There’s also you activism on human trafficking and a range of other concerns. We’re even now, thinking back to the Trump administration with Mike Pompeo was very engaged in efforts related to promoting the idea that U.S. human rights should be centered on the idea of promoting religious freedom and property rights. Very narrow, again super narrowly that he elevated those rights above others he put – he had his Commission on Inalienable Rights and that was one of the points that they put forth. So I think there’s a strand or a thread that connects some of these back to that early lobby that we started to see in the 70s. So it hasn’t gone away. It has developed in different ways and there has been continued activism. I think we’ve heard a little bit less of it recently because there have been other issues that the evangelicals are engaged with, but I don’t think that foreign policy interest has disappeared completely, and I think we’re still seeing echoes of it into today.

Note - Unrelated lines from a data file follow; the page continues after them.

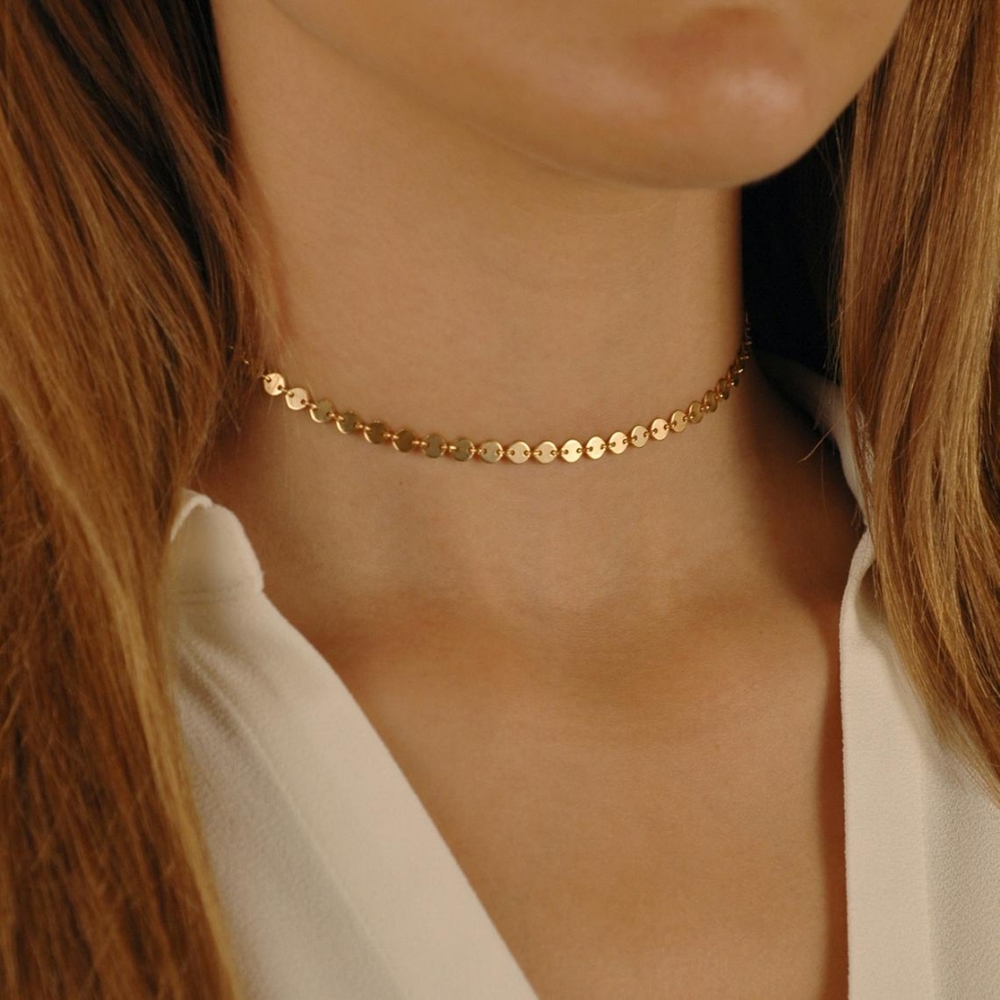 Pretty Silver Layered Chain Necklace&Choker Set - Picture 3 of 6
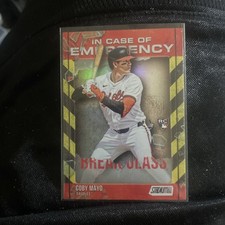 2025 Topps Stadium Club Coby Mayo In Case Of Emergency Insert Orioles 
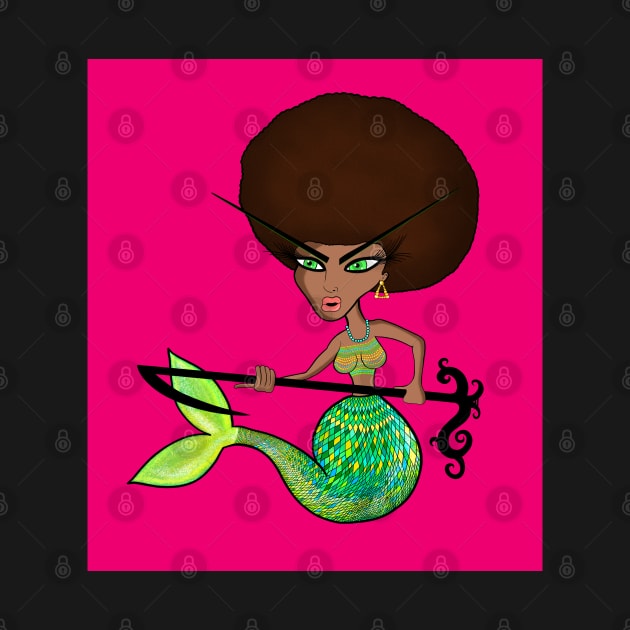 Afro Mermaid by speciezasvisuals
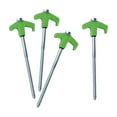 thumbnail image 3 of Colaxi 4 Pieces Tent Stakes Camping Stakes Ground Stakes for Garden Patio Camping Green, 3 of 10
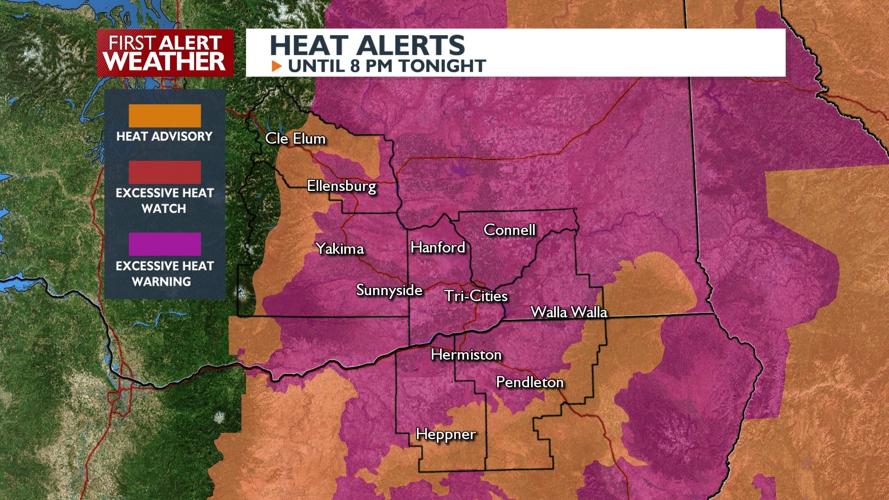 Dangerous heat with peak of heatwave on Friday. Thunderstorm chances ...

MT: And sharing your own personal perspective, do you think evangelicals overall over the last half century have been a positive force in the world in terms of advocating for human rights?

LT: I think because it’s a very narrow vision for human rights, it has not been as positive as it could be. My personal perspective is that we want to have as capacious of promotion of rights as possible, because – we’ve been talking mostly about U.S. evangelicals; we haven’t talked as much about evangelicals in the global south – but they have tended to promote a much broader vision for human rights. So folks like C. René Padilla and others who have said, even in the 70s, they were chiding the evangelicals in the U.S., saying well of course evangelism matters and religious freedom matters, but how can you reach somebody if they don’t have food to eat or clothes to wear or a safe place to sleep or if they’re not free from the threat that they’ll be tortured or disappeared or killed, right? And so if you don’t have all of those rights working together in concert, you’re not really in a place where you can be receptive. So I think to me that that is a broader picture of human rights that we’re seeing from evangelicals in the global south. That’s more the vision that I would say is mine – that we want to make sure that people are not going hungry, that people are not suffering from torture, that they’re not unfairly imprisoned. That’s the vision of human rights that I want to see, not a very narrow one just focused on one thing. Religious freedom matters, but it’s not elevated above all others. We need all of those rights.

MT: Certainly evangelicals have been intensely involved in delivering humanitarian relief.

LT: Yeah, and I’ve started to write a bit about that the kind of disaster relief that evangelicals have been engaged with. They’re a key; I think in terms of U.S. aid distribution – so the U.S. Agency for International Development, a lot of the aid that they distribute actually does go through religious groups. I think six of the nine largest agencies that USAID works with are religious. They’re not all evangelical but they are religious. So there’s a huge network of religious organizations who do that distribution.

 MT: Lauren, do you have a copy of the book you can hold up?

LT: I do; it is right here.

MT: Lauren Turek, author of To Bring the Good News to All Nations. Thank you very much for an enjoyable and insightful conversation.

LT: Thank you so much for having me. It was wonderful to get to talk to you.